Telephone tokens were token coins once widely used for making telephone calls from public telephones in place of ordinary coins. They were also sometimes used as a medium of exchange and as a collectible. Telephone tokens were once widely used in Europe, Israel, Japan, and South America, but have since been largely superseded by telephone cards and credit cards.

They were introduced during inflationary periods to avoid having to frequently change the coin slots on pay phones.

==History ==
Phone tokens started in Chicago, in the United States, where public phones would accept only tokens. Tokens were used in the U.S. until 1944, when they were eliminated and most of the tokens were melted down to make shell casings. The earliest-known telephone token dates from 1885, when it was produced for the PAN Telephone Company in St. Louis, Missouri. Rather than being deposited in the phone, the token was sometimes given to an attendant or placed in a coin box to gain access to the phone booth.
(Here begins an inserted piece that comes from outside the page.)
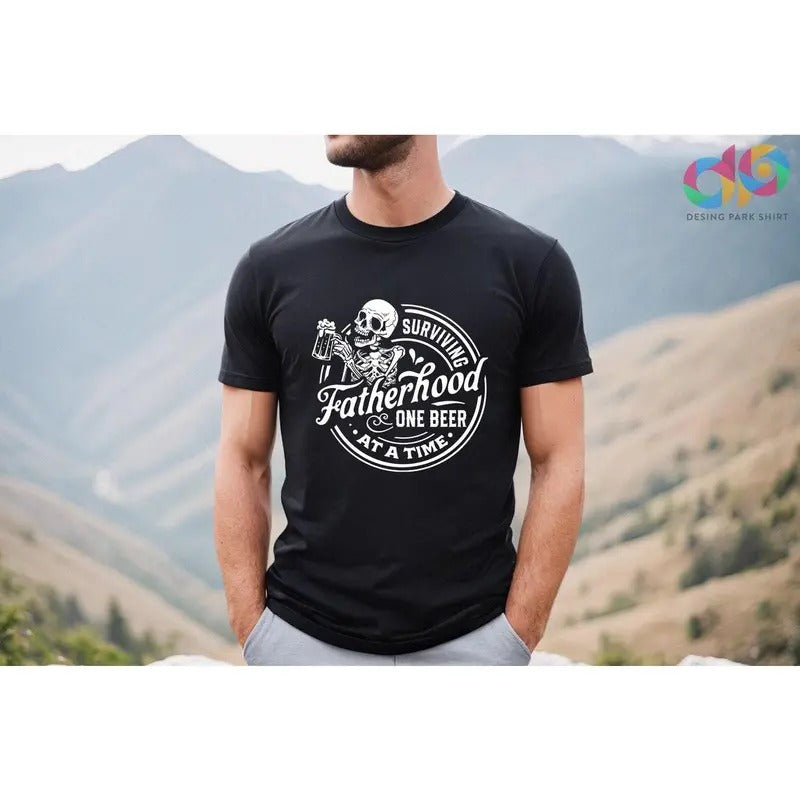 Surviving Fatherhood One Beer at a Time Shirt, Funny Dad Tee, Skeleton Dad Hoodie, Sweatshirt | UrbanDripWear.com
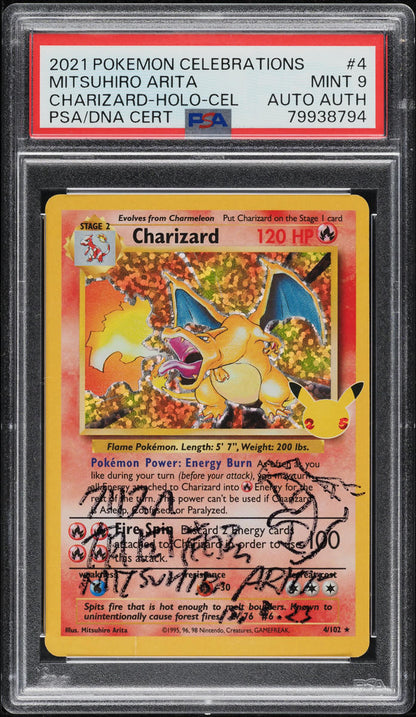 2021 POKEMON CELEBRATIONS CLASSIC BASE SET HOLO CHARIZARD #4 ARITA AUTO AUTH PSA 9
The practice of using tokens and allowing their specific value to float with the going rate for a phone call eventually became the standard world-wide practice. This came in especially handy in European countries where currencies changed as one crossed national borders, but a token could still be used. It was also the practice for some restaurants to have their own tokens so that those bought at a different place could not be used at that business.

In some countries, such as with Italian gettone, they were used informally as cash equivalents.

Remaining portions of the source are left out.